Bug in DRBD causes split-brain, already patched by DRBD devs

e100

Renowned Member
Nov 6, 2010
1,268
46
88
Columbus, Ohio
ulbuilder.wordpress.com
I've seen this issue a few times on 1.X and for the first time on 2.0 today.

Usually happens during snapshot backups, I assume because of the increased IO more than anything.
The error that is a big clue happens on the node that is not doing the backup.

Code:
block drbd0: [B]magic?? on data m:[/B] 0x3eabc3a5 c: 512 l: 97
block drbd0: peer( Primary -> Unknown ) conn( Connected ->[B] ProtocolError [/B]) pdsk( UpToDate -> DUnknown )

This issue goes back some time, easy to find references to it on these forums.
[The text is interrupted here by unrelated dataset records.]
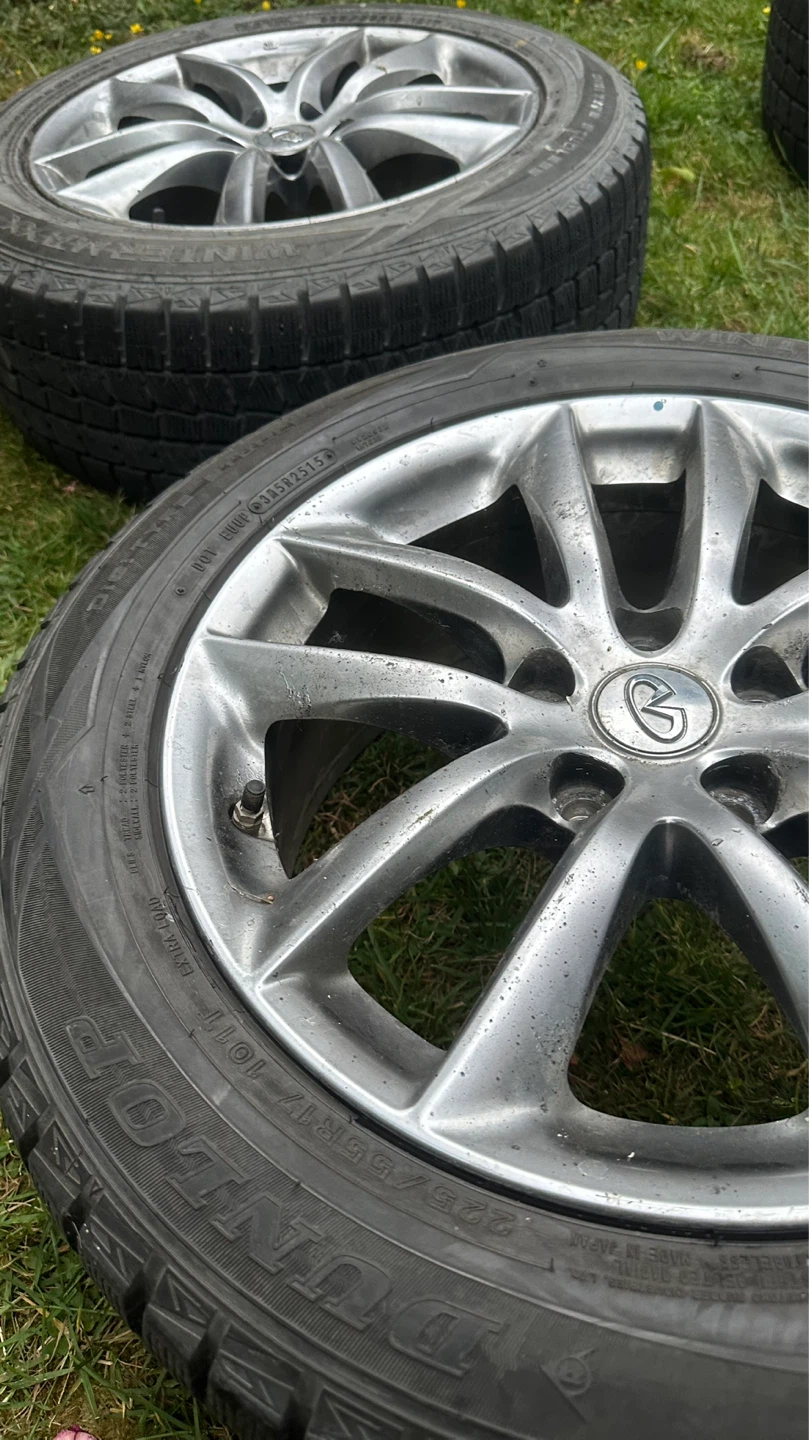 G37 Dunlop Winter Tires with Rims Set of 4 - photo 3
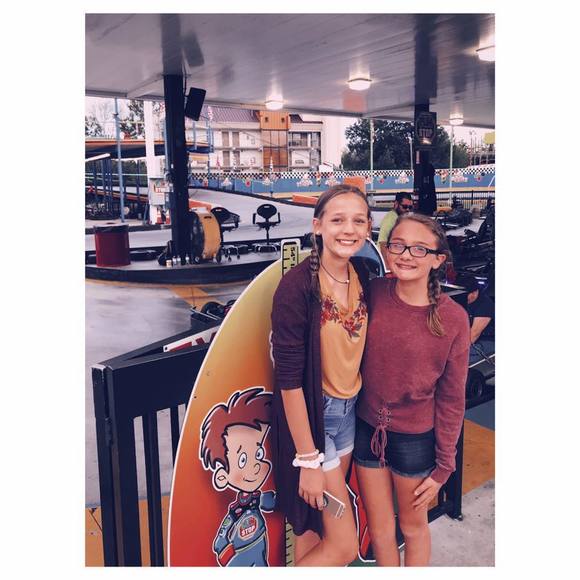 Meet your Posher, Chloe - Picture 1 of 1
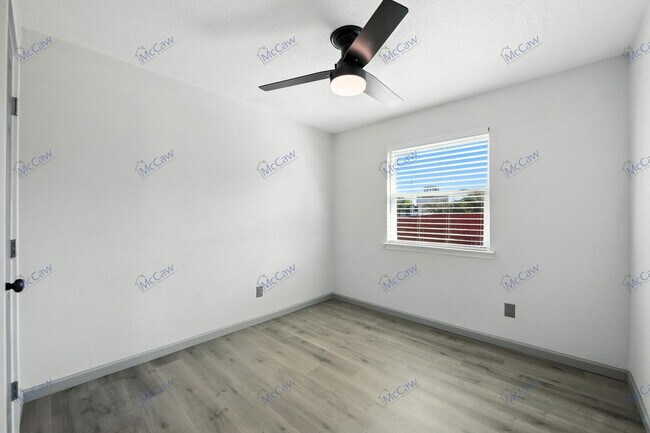 Building Photo - 2109 Jeannette Ct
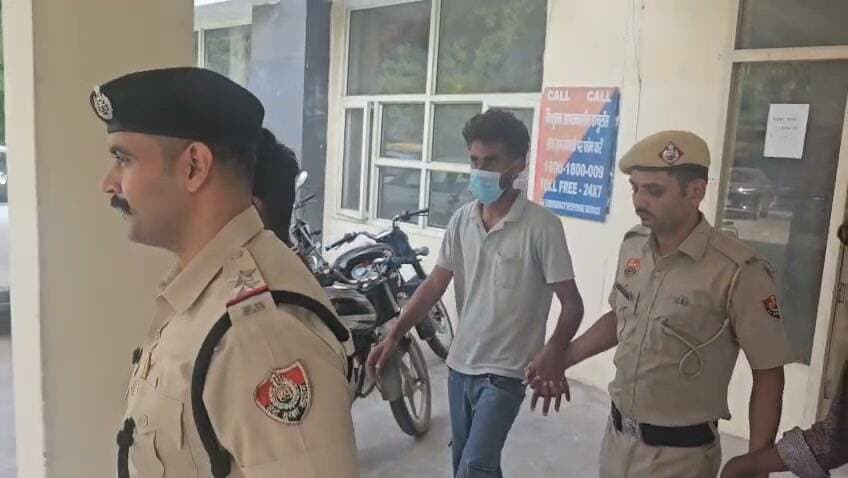 फ्लिपकार्ट पर ट्रेडिंग के नाम पर 3,44,520 रुपये की ठगी, 3 खाताधारक सहित 4 आरोपित गिरफ्तार, साइबर थाना सेंट्रल की कार्रवाई,
फरीदाबाद Rakesh Kumar फरीदाबाद पुलिस द्वारा साइबर अपराधियों पर लगातार कार्रवाई की जा रही है। फ्लिपकार्ट पर ट्रेडिंग के नाम पर 3,44,520 रुपये की ठगी के एक मामले में कार्रवाई करते हुये साइबर थाना सेंट्रल की टीम ने गौरव श्रीवास्तव(23), सौरभ कुशवाह(21), मोहित(24) वासी गुना मध्य प्रदेश व रवि(23) वासी ललितपुर उत्तर प्रदेश को गिरफ्तार किया है। इनमें तीन खाताधारक है तथा एक खाता उपलब्ध कराने वाला है।
पुलिस प्रवक्ता अनुसार सेक्टर-91 वासी एक महिला ने साइबर थाना सेंट्रल में दी अपनी शिकायत में बताया कि एक अंजान नंबर द्वारा उसे एक व्हॉट्सएप ग्रुप में जोडा गया। व्हॉट्सएप पर उसे एक लिंक दिया गया जिस पर क्लिक करते ही फ्लिप कार्ट नाम की वेबसाइट ओपन होती थी। जहां पर प्रोडक्ट बाय करने उपरांत, बाय बैक ऑपसन पर क्लिक करने पर फिलिप कार्ट अकाउंट में पैसे जमा होते थे। इस तरह शिकायतकर्ता द्वारा अगस्त 2026में 2,30,000 रूपये की ट्रेडिंग की। जब उसने पैसे निकालने की कोशिश की तो खाता फ्रिज हो गया। जिसको अनफ्रिज करने के लिए कथित ठगों द्वारा 1,14,520 रुपये की मांग और की गई जो शिकायतकर्ता ने ठगो द्वारा खाता में भेज दिए। जिसके बाद फसे कोई पैसा वापस नही मिला। जिस संबंध में थाना साइबर सेंट्रल में संबंधित धाराओं में मामला दर्ज किया गया।
पूछताछ में सामने आया कि आरोपित रवि,सौरभ व मोहित खाताधारक है, रवि के खाता में ठगी के 70,000, सौरभ के खाता में 50,000 व मोहित के खाता में 60,000 रुपये आये थे। गौरव ने मोहित का खाता आगे ठगो को उपलब्ध करवाया था। मोहित व गौरव 12वीं, सौरभ व रवि 8वीं पास है। चारो को माननीय न्यायलय में पेश कर जेल भेजा गया है।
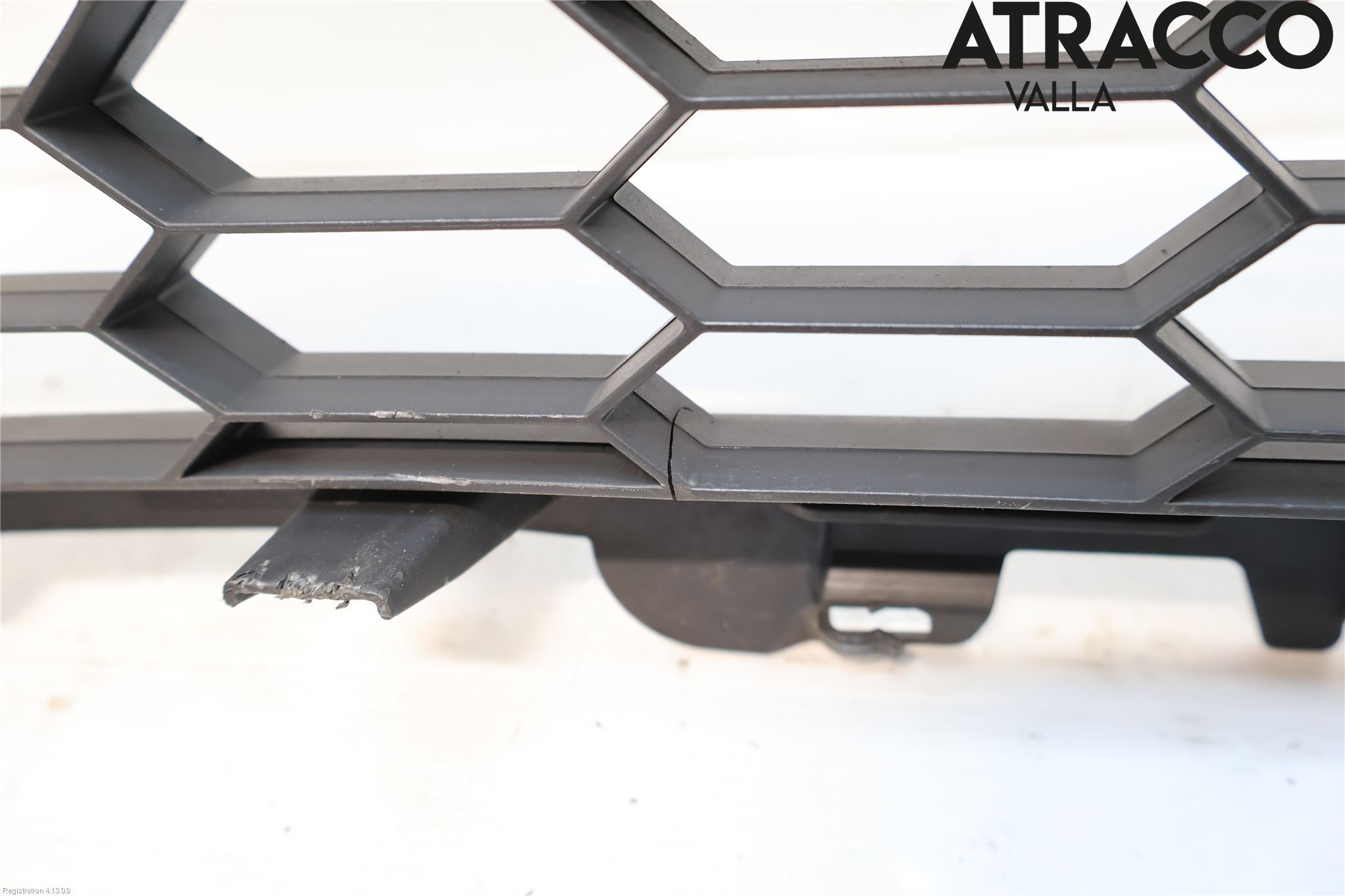 Skoda SUPERB 16-24 Grilldel Mitt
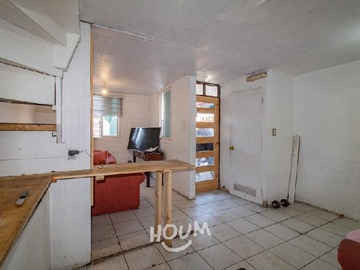 Casa en venta en Pasaje Primera Junta, Maipú - 4 dormitorios, 2 baños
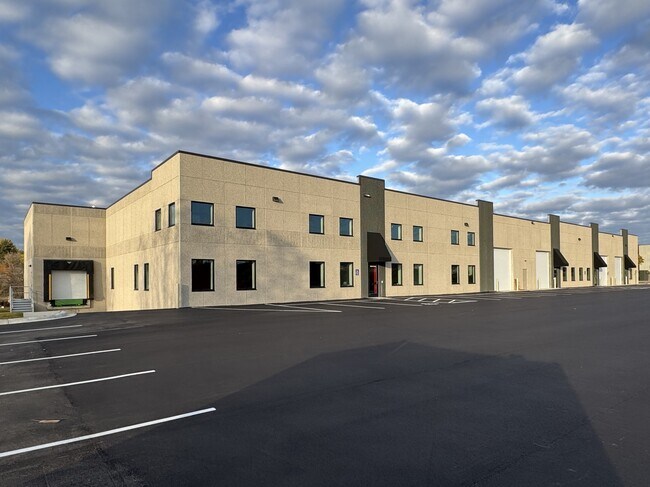 Plus de détails pour 80 8th St, Waconia, MN - Industriel à louer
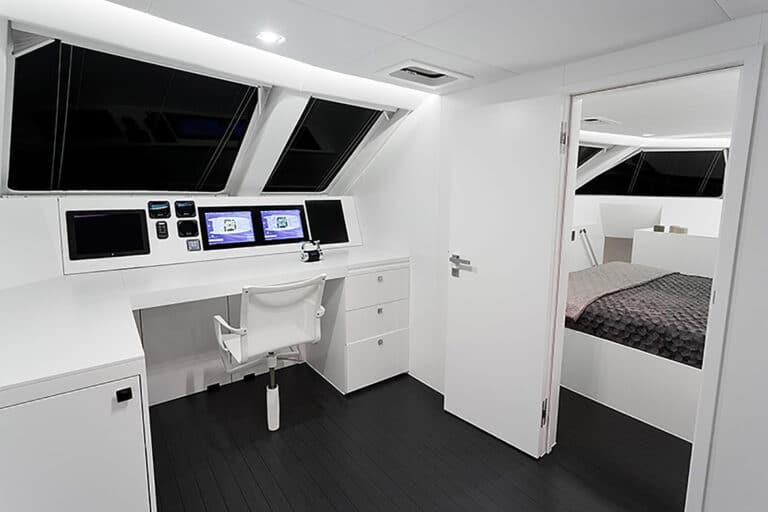 Luxury Catamaran LEVANTE - Navigation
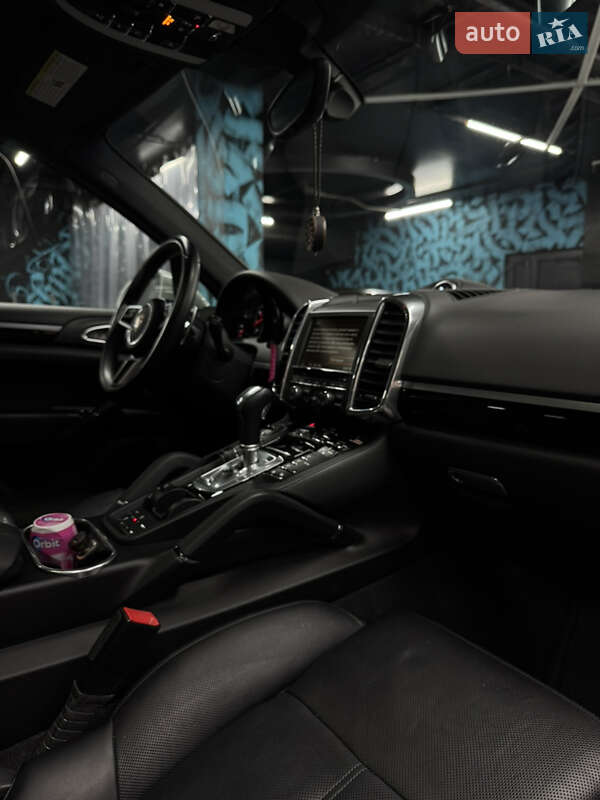 Позашляховик / Кросовер Porsche Cayenne 2014 в Києві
I believe this is a bug in DRBD that was recently fixed:
http://git.drbd.org/gitweb.cgi?p=drbd-8.3.git;a=commit;h=95153072a19dfef10a2cde98c0719cf0f5d72a68


That commit mentions:
We assumed only bios with bi_idx == 0 would end up in drbd_make_request().

That is wrong.

At least device mapper, in __clone_and_map(), may submit clones only covering a partial bio, but sharing the original bvec, by adjusting bi_idx and relevant other bio members of the clone.
We used __bio_for_each_segment() in various places, even though that is documented as

* drivers should not use the __ version unless they _really_ want to
* run through the entire bio and not just pending pieces

Impact: we would send the full bio bvec, even for the clone with bi_idx > 0, which will cause data corruption on the peer (because we submit wrong data at the clone offset), and will cause a DRBD protocol error,


Would it be possible to get DRBD code updated in Proxmox so this bug can finally be put to rest?


 

Would it be possible to get DRBD code updated in Proxmox so this bug can finally be put to rest?

Please post a bug to bugzilla.openvz.org - the openvz includes the drbd module, so it is better to directly ask there.
 
Please post a bug to bugzilla.openvz.org - the openvz includes the drbd module, so it is better to directly ask there.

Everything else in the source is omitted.